Joining Predator: Badlands, Edgar Wright and Glen Powell’sThe Running Man officially collapsed at the box office this weekend.
The Monday actuals are in, and the remake opened to a disastrous $16.5 million, missing even the already-low estimates of $17M.
International numbers were just as weak with a terrible $11.2 million debut, bringing the worldwide opening to $27.7 million, an embarrassing result for a movie that cost $110 million and needs around $275 million to break even.
This is Hollywood’s latest big-budget faceplant, and no amount of spin makes it look better.
It was less. RUNNING MAN made $16.5M in its opening weekend, now that the actual numbers are in. ($21.0 for Now You See Me.) https://t.co/kyKjTHeIVN
— Borys Kit (@Borys_Kit) November 17, 2025

Deadline Blames Covid and David Ellison — Seriously?
Instead of admitting the obvious — the movie is bad — Deadline ran a piece blaming everything except the film itself.
In a post strikes-COVID theatrical landscape where everyone is still trying to figure out what works, along comes Paramount‘s $110 million reboot 'The Running Man' starring Glen Powell.

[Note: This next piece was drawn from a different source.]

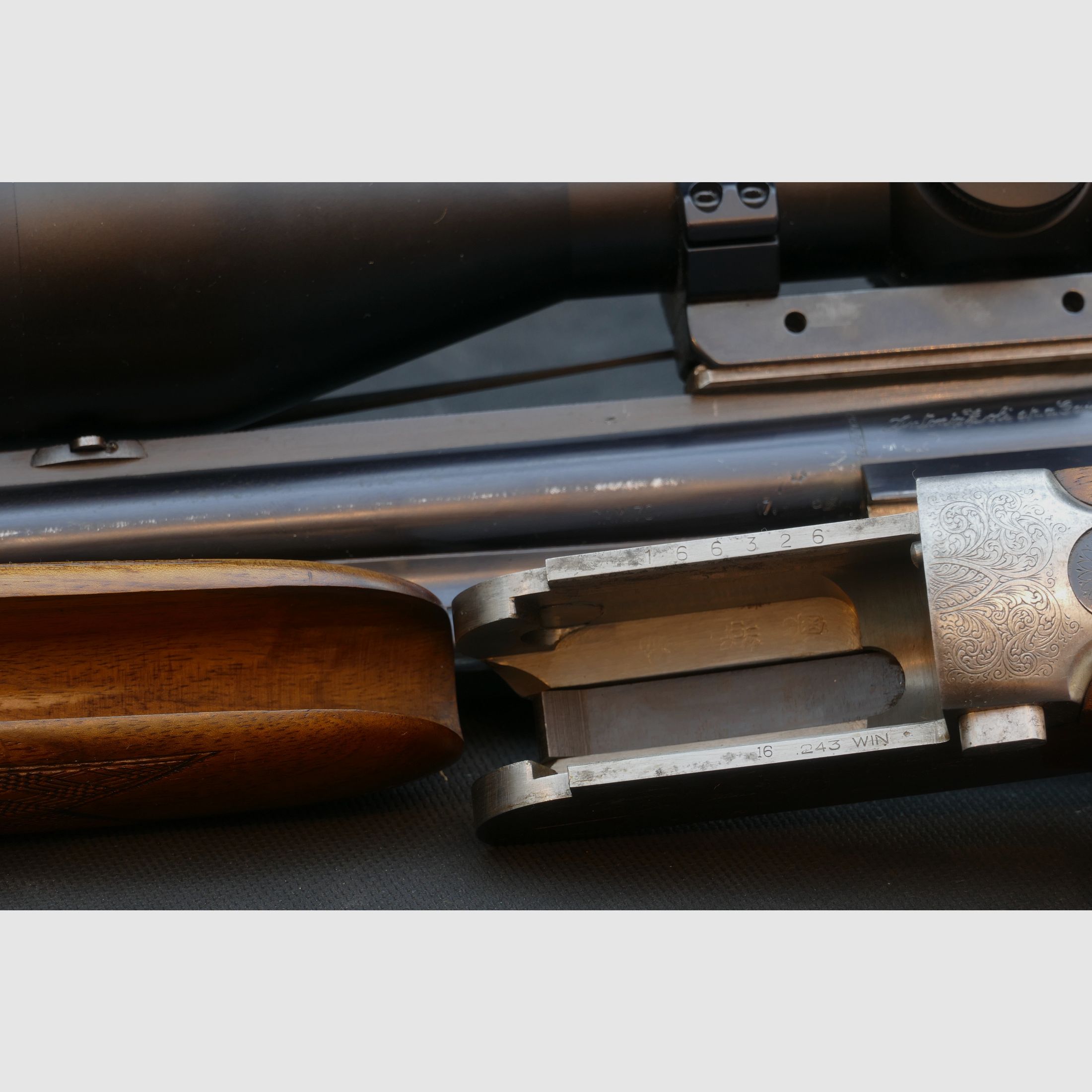 Antonio Zoli BBF in .243Win und 16/70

— Deadline (@DEADLINE) November 17, 2025
But why did ‘The Running Man’ fall down at the box office?https://t.co/yx8a3TlNXH
According to their report, The Running Man fell because of:
- Covid
- A post-strike landscape
- A leadership change at Paramount under David Ellison
- Marketing department limbo
It reads like a checklist of excuses to avoid acknowledging the core issue: audiences didn’t want the movie because the movie didn’t deliver.
Covid didn’t write the bad dialogue. David Ellison didn’t film the goofy towel scene that didn’t bring in female viewers. A marketing department shift didn’t make the villains boring or the script flat.

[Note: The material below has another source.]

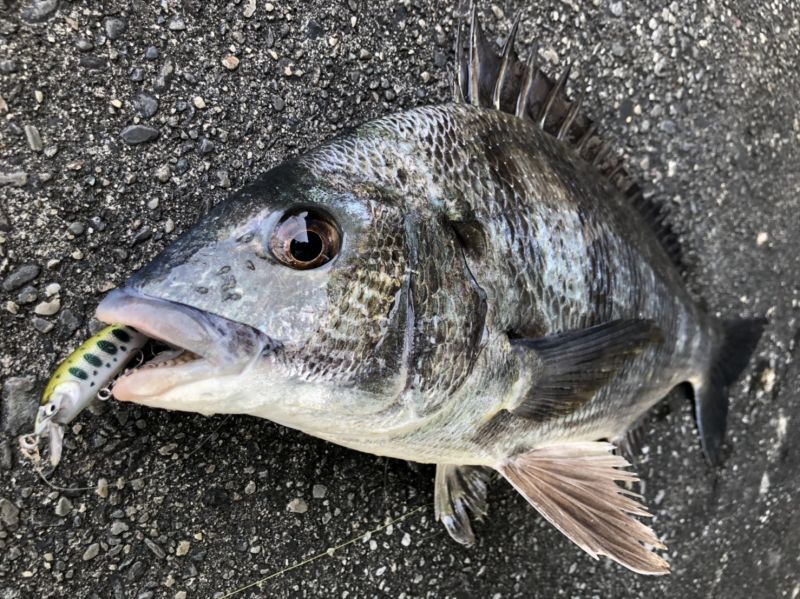 M50/M60 SR-S color code [Fin-ch] - Fin‐ch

As we said in our review, “The Running Man 2025 just isn’t a fun movie at all.” That’s why people skipped it. This version doesn’t even come close to the Arnold Schwarzenegger film.

The Real Reason It Bombed: The Movie Isn’t Good
The remake didn’t connect with audiences the way the Schwarzenegger classic did.
It wasn’t exciting, it wasn’t fun, and it didn’t offer anything fresh. It tried to sell a “modern audience” message instead of delivering entertainment, and the audience response proves that approach doesn’t work.

A Brutal Start With No Recovery in Sight
With a $16.5M domestic opening and $27.7M worldwide total, The Running Man is dead on arrival. Even with strong legs (which it won’t have), there’s no path to profitability.
This isn’t a Covid problem. It isn’t an Ellison problem. It’s a quality problem.
Audiences voted with their wallets, and the message is clear: this remake didn’t run, it tripped out of the gate.